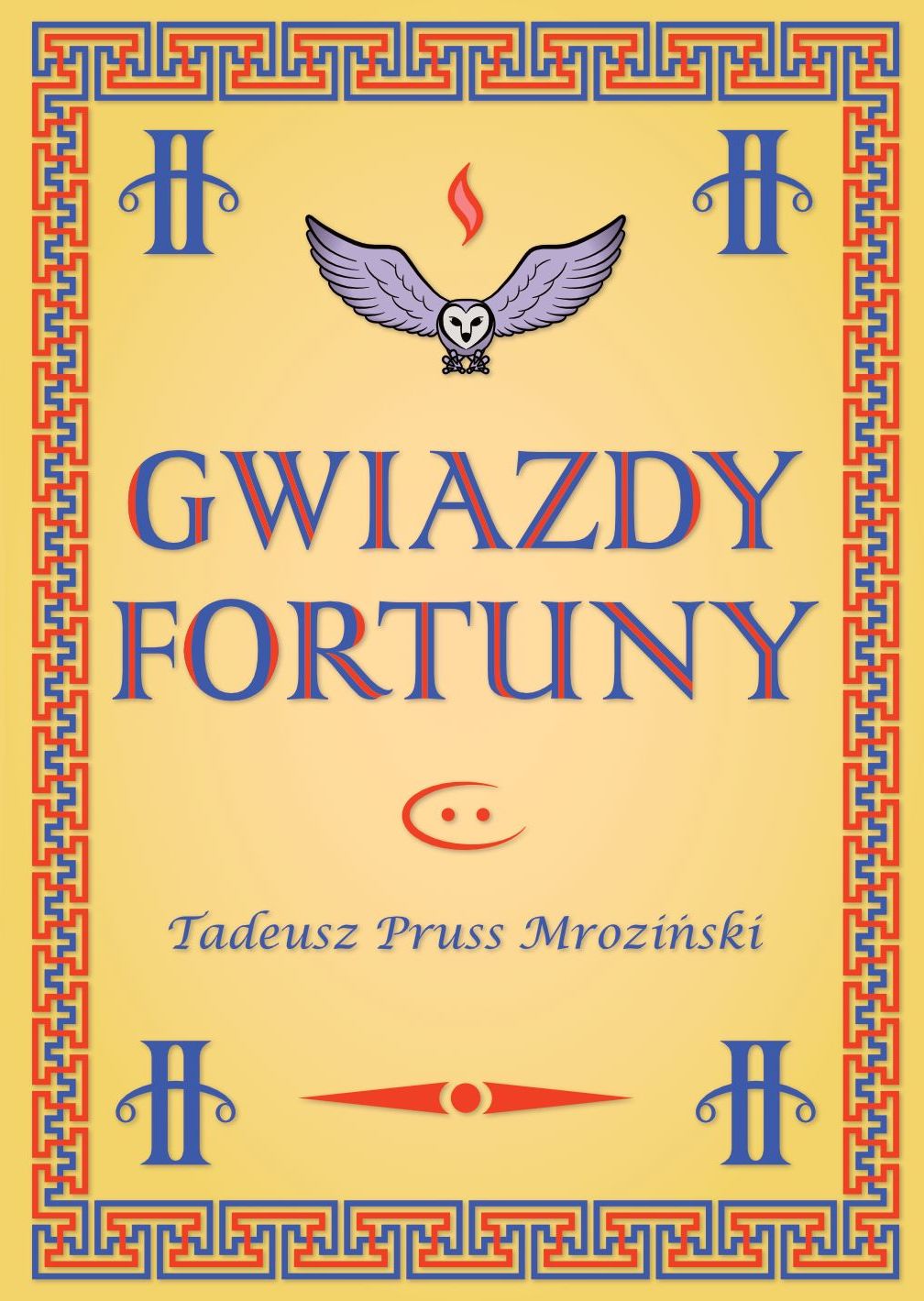 Gwiady fortuny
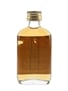 Mortlach 70 Proof Bottled 1970s - Gordon & MacPhail 5cl / 40%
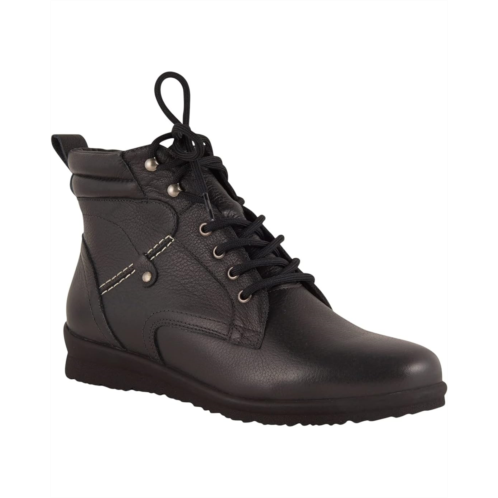 Womens David Tate Peak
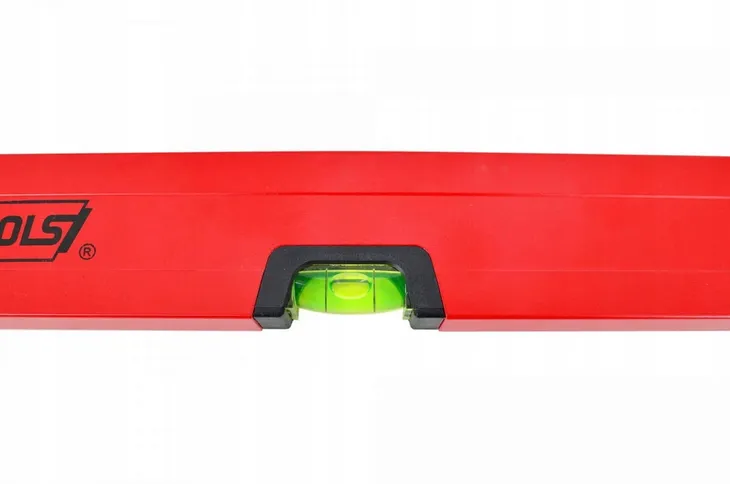 awtools-katownik-pion-poziom-50x100cm-stan-opakowania-oryginalne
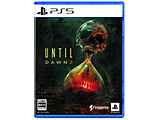 Until Dawn 2 -�M�蓇�̎S��- �yPS5�Q�[���\�t�g�z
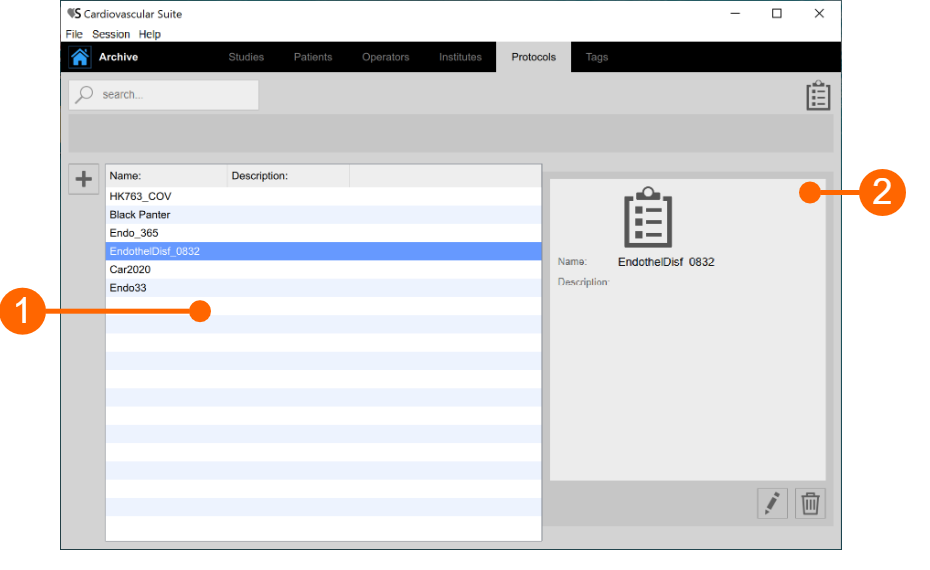 cvs_protocolsTab_gliffy_EN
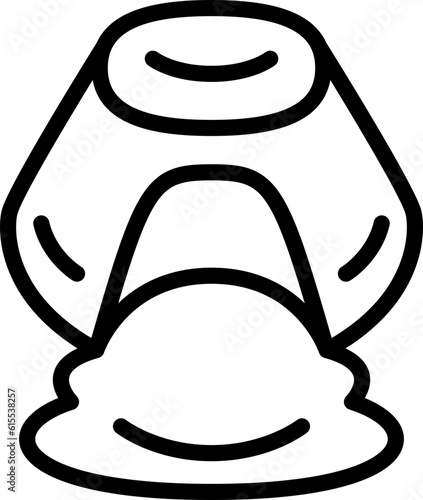 chocolate  icon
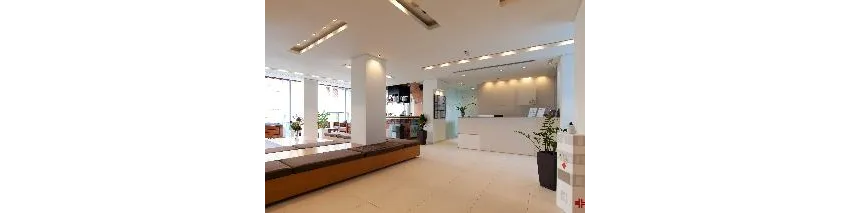 Atlantis Boutique Hotel (ex City Hotel) 4*-105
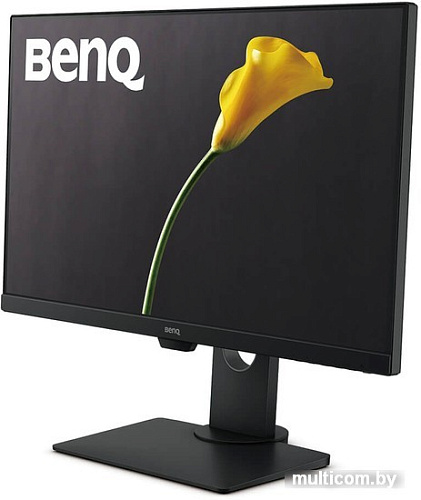 Монитор BenQ GW2780T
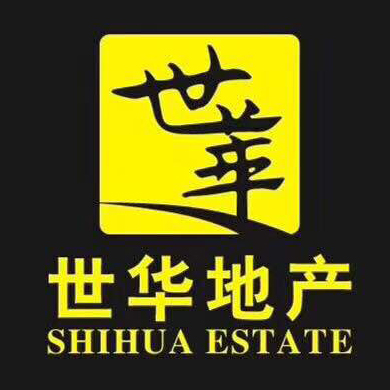 世华地产绿洲康城店
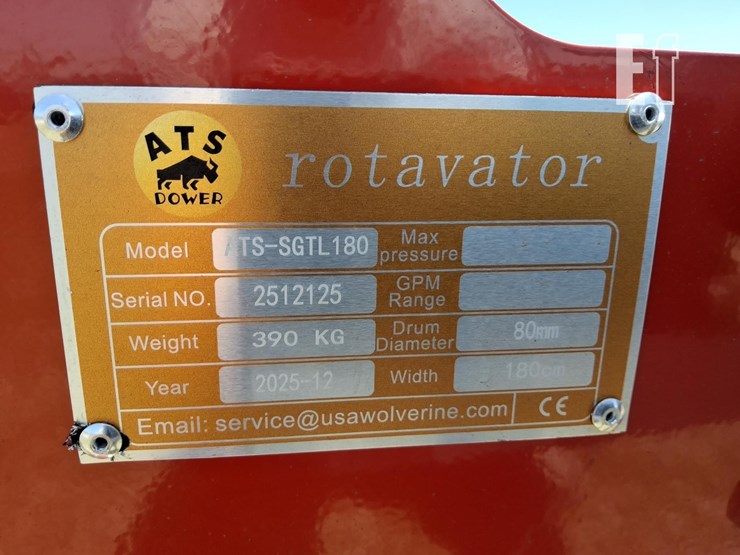 2026-ats-ldh-sgtl180-image-7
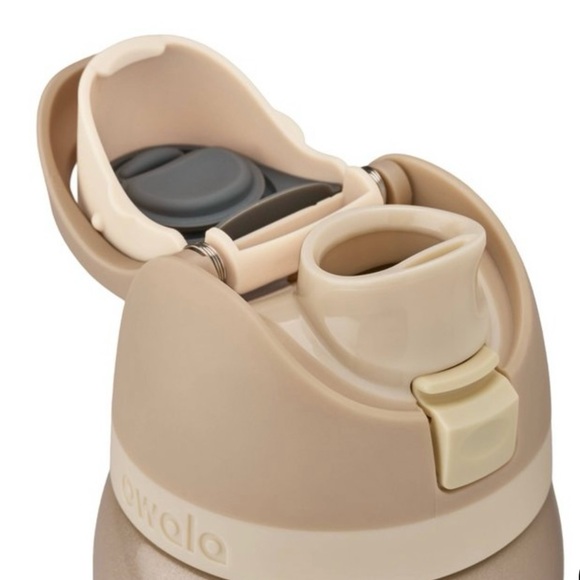 Owala- Holiday Magic 32 oz - Picture 2 of 9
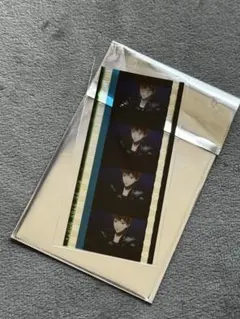 Item thumbnail for item a933b06e-a8d7-4c3c-b131-e2ed6c4a9f4e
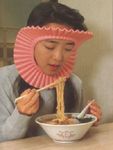  bowl chopsticks japan ramen what 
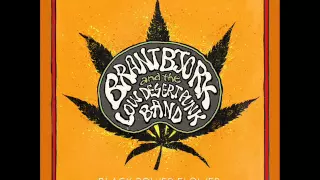 Brant Bjork and the Low Desert Punk Band - That's a fact, Jack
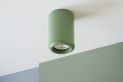 Купити Ceilingh lamp PB ceiling spot від MAIIMO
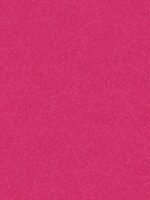 Belka B19 Tapete in Magenta – Kräftige, moderne Wandtapete in ausdrucksvollem Farbton, ideal für stilvolle Innenräume mit zusätzlicher Wärme- und Schalldämmung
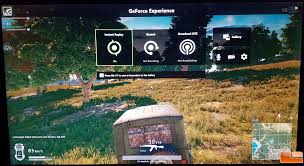 We are focused on removing all users who are creating an unfair gaming environment by teamkilling, using cheat programs, etc. How To Report Cheaters On Pubg Legit Reviews
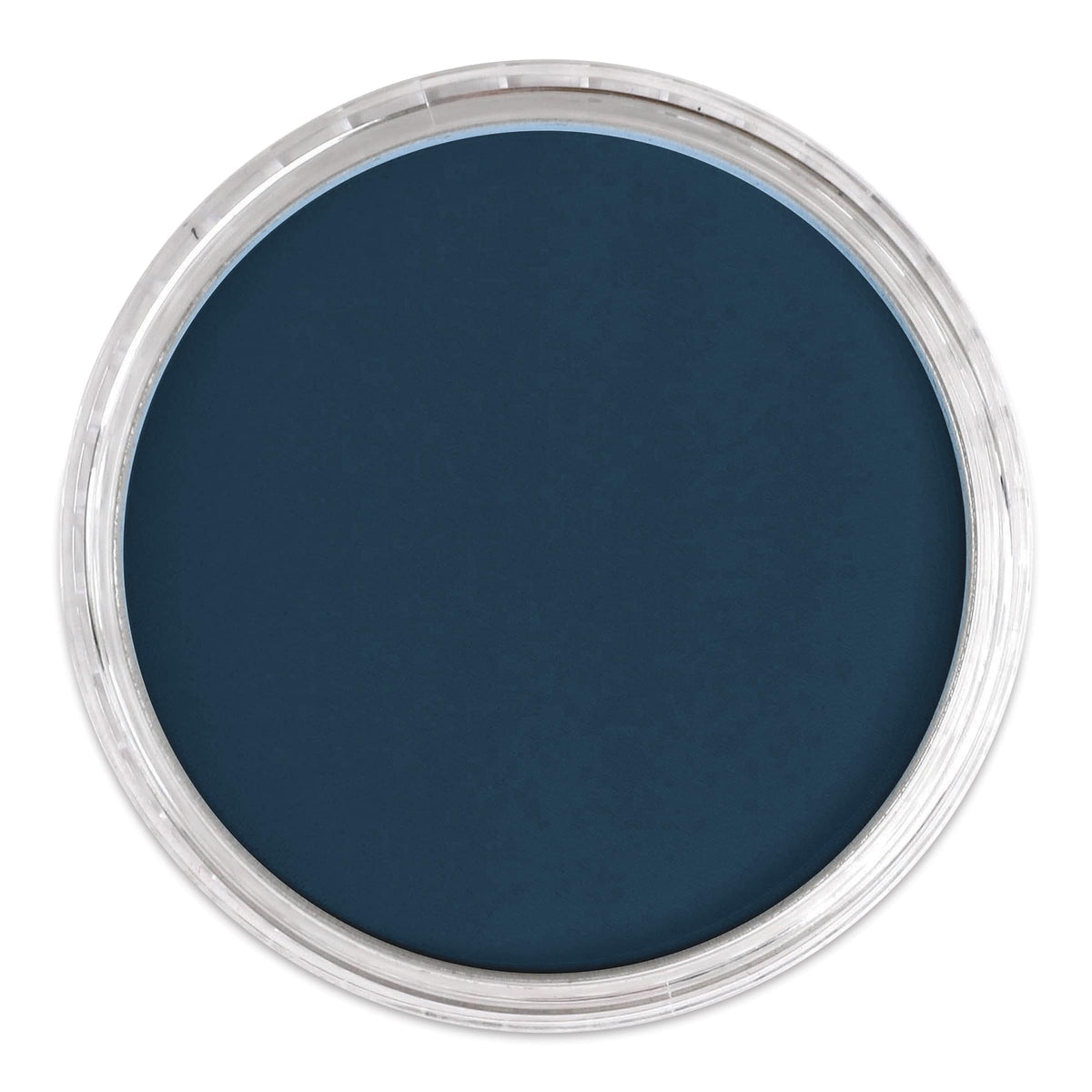 PanPastel 560.3 — Phthalo Blue Shade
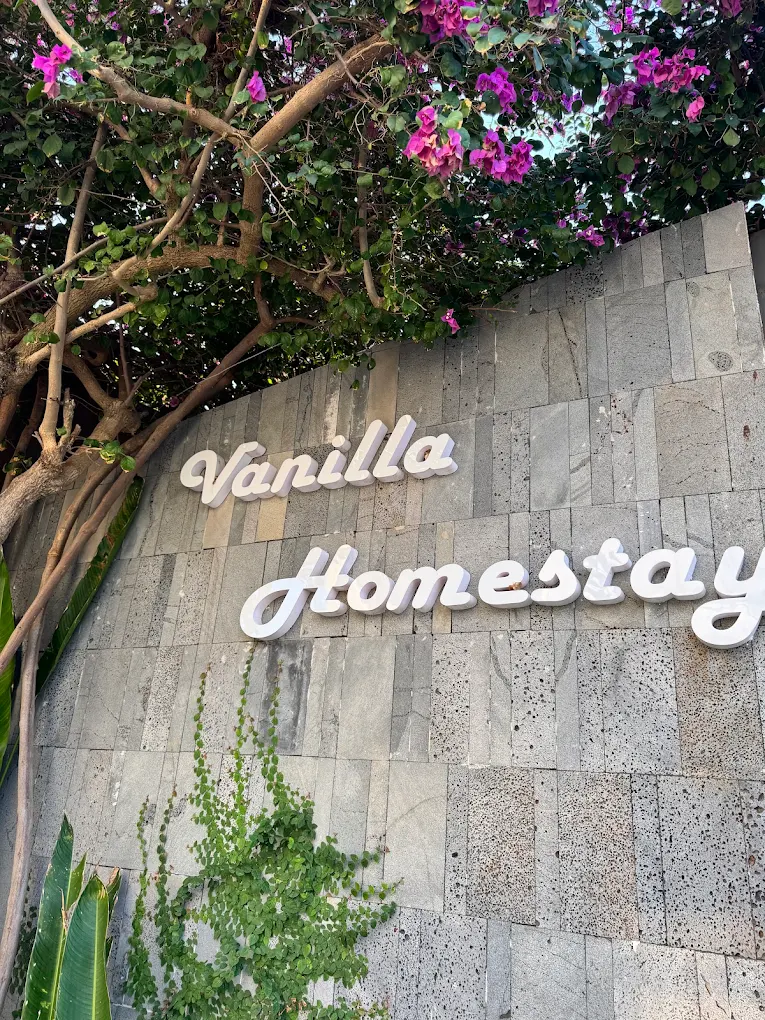 homestay giá rẻ cho 2 người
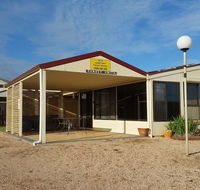 Wallaroo Sunset home - Tourism Cairns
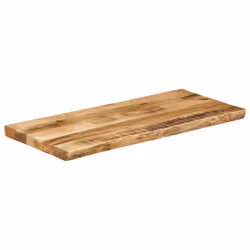 VidaXL 370659 table part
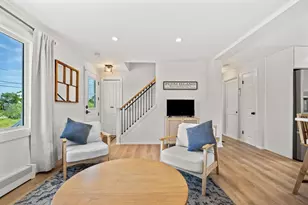 133 Old Point, Newburyport, MA 01950 - Photo 9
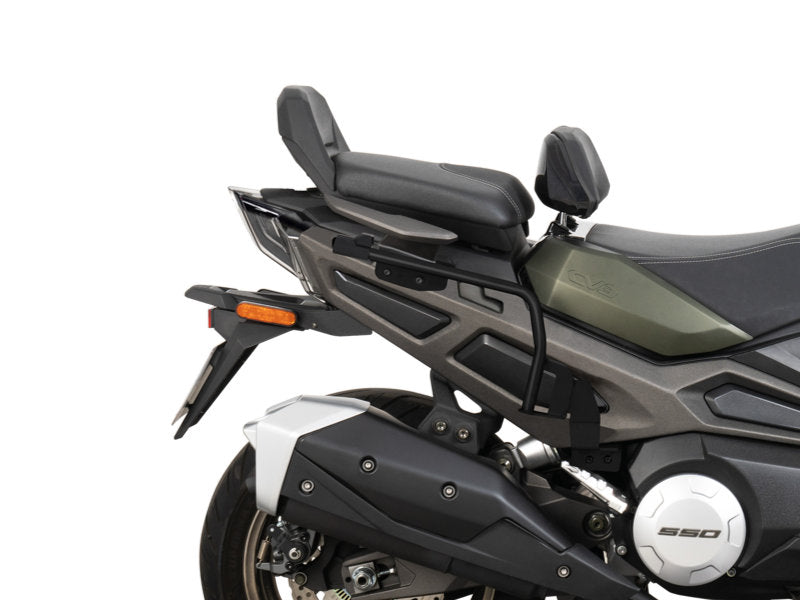 SHAD 3P Pannier Rack for Kymco CV3 (22-24)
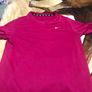 Boys nike top size Xl Image 5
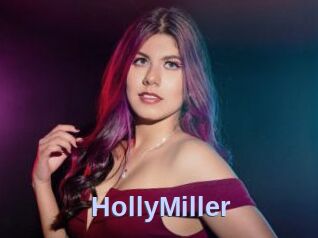 HollyMiller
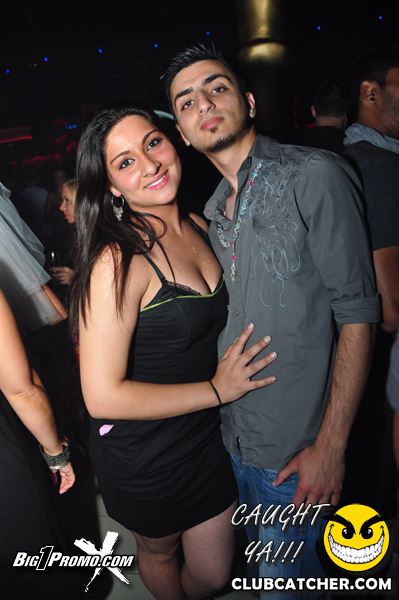 Luxy nightclub photo 123 - July 2nd, 2011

TASK OBJECTIVE
Give back exactly the lines from the line with "VidaXL 370659 table part" through the end of the records, both included; keep all pictures out.

WRITTEN REPLY
 VidaXL 370659 table part
 133 Old Point, Newburyport, MA 01950 - Photo 9
 SHAD 3P Pannier Rack for Kymco CV3 (22-24)
 Boys nike top size Xl Image 5
 HollyMiller
 Luxy nightclub photo 123 - July 2nd, 2011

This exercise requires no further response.